What I Found and Had to Fix After Joining a Vibecoded Project
In April 2026 I joined a platform built by someone with deep expertise in Design and zero formal background in software development, using Cursor as their primary tool. In roughly two months they shipped a full multi-tenant healthcare platform running in production with real users: four user roles, real-time chat, an installable PWA, Google OAuth, tokenized invite flows, OpenAI-powered report generation, and clinic management. Building that in two months is not trivial.
What I found when I read the code is what this post is about.
What was built before I arrived
The platform is built for pediatric therapy clinics. It connects parents, therapists, supervisors, and school staff around a child’s development: scheduling, clinical reports, progress tracking, multi-party chat, LGPD-sensitive data. A security failure here is a risk to children’s privacy and safety, not just a technical problem.
The commit history is honest about how it got there. Over two months, Cursor helped deliver route handlers, Supabase RLS policies, React components, authentication flows, invite emails, and database migrations. The velocity was real, the product worked, and users were relying on it.
When I joined on April 10, my job was not to confirm that it worked. It was to find out how.
The first hour without running anything
Before opening a terminal, before running the first npm install, I just read code.
That sounds almost old-fashioned now, but it is how we worked before coding agents existed: read the commit history, the database schema, the API routes, the RLS policies, look for patterns, assumptions, inconsistencies. The hype around “AI can do everything, you don’t need engineers anymore” is usually about the doing part: writing code, generating tests, fixing bugs. Maybe that part is on the way to being solved, I cannot predict the future. But the looking part is a different skill, and it is the one that is hardest to delegate. It comes from having seen enough code, enough systems, and enough failures to recognize patterns that are invisible to someone who has not.
The service role key was leaking in error messages
SUPABASE_SERVICE_ROLE_KEY is the equivalent of a database root password: it bypasses every Row Level Security policy you have, and whoever holds it can read, write, or delete any row in any table.
I found it being returned in HTTP response bodies (not in logs, in actual responses) in at least 14 API routes. The pattern was always the same: a configuration check at the start of a handler would find the key missing and return a 500 with the original error message attached, and the Supabase client helpfully included the key reference in that message.

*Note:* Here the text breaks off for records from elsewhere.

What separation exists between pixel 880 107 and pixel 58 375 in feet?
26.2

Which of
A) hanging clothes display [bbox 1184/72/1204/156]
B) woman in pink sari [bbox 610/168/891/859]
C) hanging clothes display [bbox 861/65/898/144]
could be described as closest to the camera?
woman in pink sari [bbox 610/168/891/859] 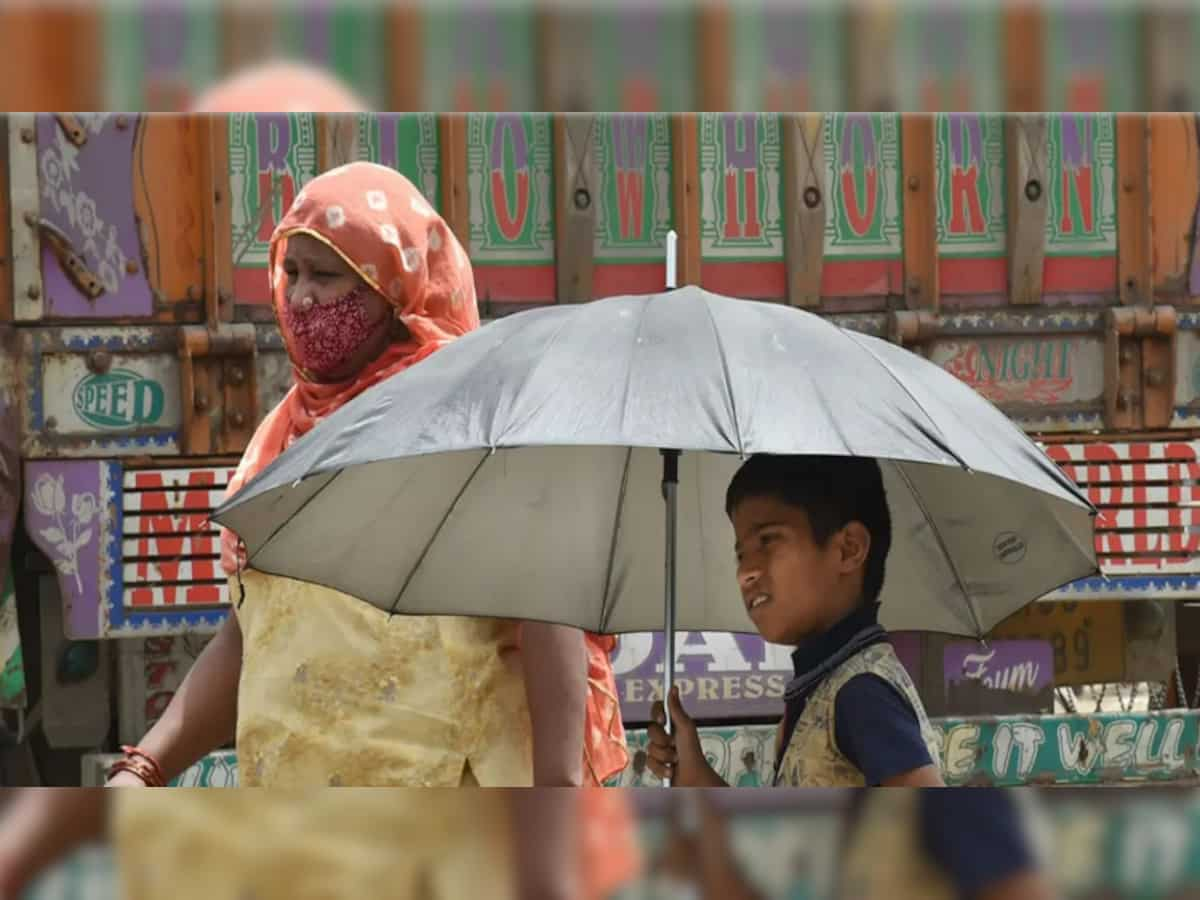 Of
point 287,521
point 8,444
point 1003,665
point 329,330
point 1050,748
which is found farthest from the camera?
point 1003,665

This is not a mistake that surfaces in a code review. It surfaces in git log entries like fix: improve invite email failure handling and diagnostics: commits that were doing the right thing (better error messages) without the experience to notice that the error message itself was the vulnerability.
RLS was recursively broken
The policies on the profiles table referenced the profiles table. A policy evaluates by querying the database. If that query triggers another policy evaluation on the same table, you get infinite recursion. The database kills the query with an error, and the user gets a 500.
The commit history has six entries matching fix(sql): recursion before I arrived. Each one was a patch on a symptom: add an exception here, reorder the policies there, wrap something in a function. None of them touched the structural problem, which was that the policies were designed around a circular reference that PostgreSQL simply cannot resolve.
I fixed it once by removing the circular dependency from the schema. It has not recurred.
This is not something you find by running the app. You find it by knowing how PostgreSQL evaluates RLS policies and recognizing that the pattern in front of you violates that evaluation model.
Rate limiting that did nothing
There was a rate limiter: a Map in memory tracking requests per IP.
On Vercel serverless, each function invocation runs in its own process. Processes do not share memory. The map is empty on every invocation. The rate limiter accepted every request regardless of frequency, because it never saw more than one request from any IP.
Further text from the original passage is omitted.